5.2 The Committee notes that many of the author's allegations, both in connection with the case of F. B. and H. R., relate to the evaluation of facts and evidence by the trial judge. The Committee observes that it is generally for the appellate courts of States parties to the Covenant and not for the Committee to evaluate the facts and evidence placed before domestic courts and to review the interpretation of domestic law by national courts. Similarly, it is for the appellate courts and not for the Committee to review alleged errors by the judge in the conduct of a trial, unless it is apparent from the author's submission that the conduct of the trial was clearly arbitrary or tantamount to a denial of justice, or that the judge manifestly violated his obligation of impartiality. The author has not shown that the conduct of the trials in question suffered from such defects. In this respect, therefore, the author's claims of unfair trials do not come within the competence of the Committee and, in that sense, fall outside the scope of protection provided by article 14, paragraph 1, of the Covenant. Accordingly, this part of the communication is inadmissible as incompatible with the provisions of the Covenant, pursuant to article 3 of the Optional Protocol.
5.3 With respect to the claim that the author was denied the services of an interpreter, the Committee finds that Z. P. has failed to substantiate his claim sufficiently, for purposes of admissibility. The material before the Committee shows that the author could express himself in adequate English and French, and that he did not apply for an interpreter during the trial. The Committee reaffirms in this context that the requirement of a fair hearing does not obligate States parties to make the services of an interpreter available ex officio or upon application to a person whose mother tongue differs from the official court language, if the person is capable of expressing himself adequately in the official language. 1/
5.4 In respect of the claim that the author was refused legal aid for his appeal in the case concerning H. R., the case file reveals that the Montreal Legal Aid Board did examine the author's request, but concluded that the interests of justice did not require the assignment of legal aid. Accordingly, the author has not sufficiently substantiated his allegation, for purposes of admissibility, and this part of the communication is inadmissible under article 2 of the Optional Protocol.
5.5 As to the alleged violation of article 14, paragraph 3(b), the Committee notes that the first time the author complained about the unavailability of the trial transcript was over two months after being denied leave to appeal by the Supreme Court. In the circumstances, he is estopped from invoking an ex posto facto violation on his right to adequate time and facilities for the preparation of his defence.
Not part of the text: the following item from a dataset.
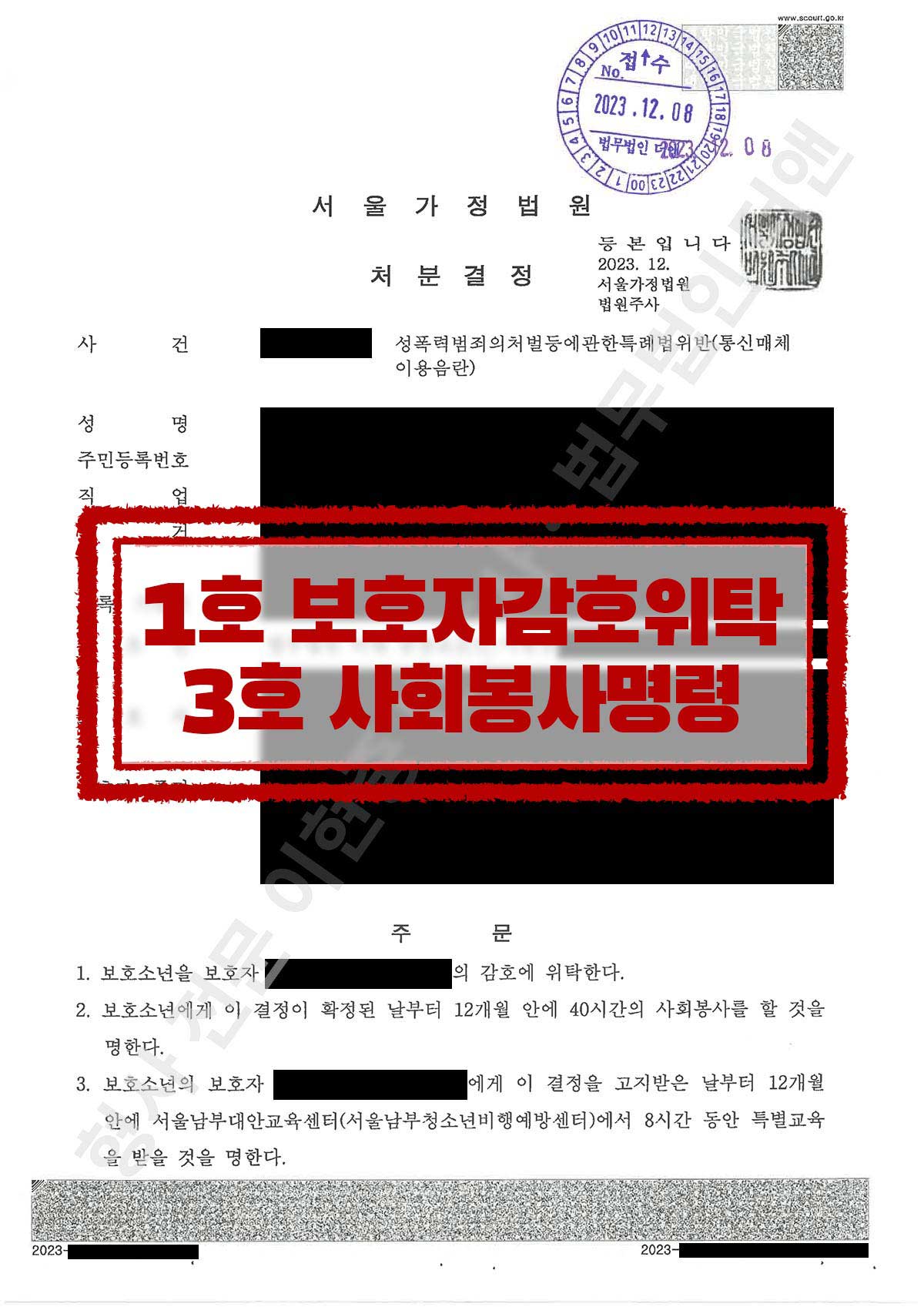 익명 SNS 상에서 성희롱 메시지 전송, 보호자 감호 위탁 처분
The Committee concludes that this part of the communication is inadmissible as an abuse of the right of submission pursuant to article 3 of the Optional Protocol.
5.6 Finally, with regard to the claims of a violation of article 14, paragraph 1 (entitlement to a public hearing), and article 9, paragraph 2, the author has not sufficiently substantiated his allegation, for the purposes of admissibility, and this part of the communication is also inadmissible under article 2 of the Optional Protocol.
6. The Human Rights Committee therefore decides:
(a) The communication is inadmissible under articles 2 and 3 of the Optional Protocol ;
(b) This decision shall be communicated to the State party and to the author of the communication.
*/ Made public by decision of the Human Rights Committee
1/ See views in communication No. 219/1986, para. 10.2, (Guesdon v. France), adopted on 25 July 1990.